Exercise requirements: Quote each line of the material verbatim, without the pictures.

Material provided:
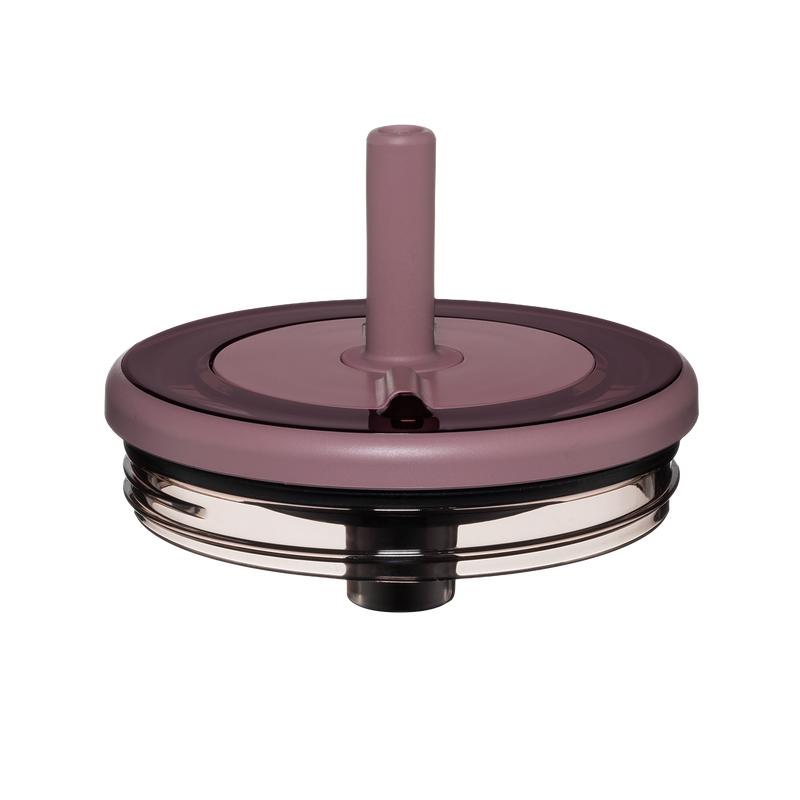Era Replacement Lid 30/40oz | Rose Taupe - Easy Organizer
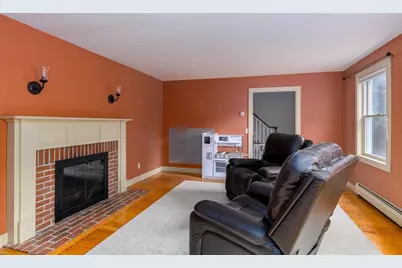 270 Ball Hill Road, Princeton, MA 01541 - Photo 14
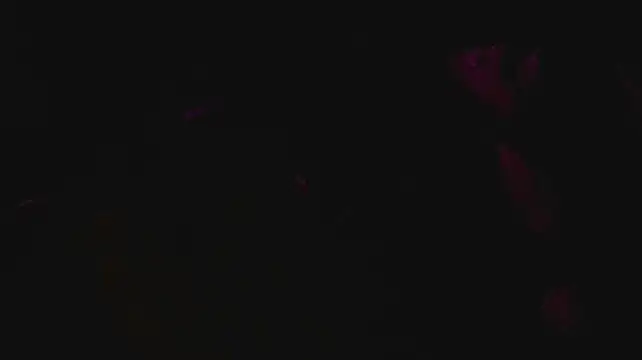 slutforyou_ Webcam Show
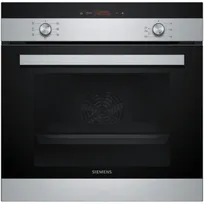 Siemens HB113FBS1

Exercise answer:
Era Replacement Lid 30/40oz | Rose Taupe - Easy Organizer
 270 Ball Hill Road, Princeton, MA 01541 - Photo 14
 slutforyou_ Webcam Show
 Siemens HB113FBS1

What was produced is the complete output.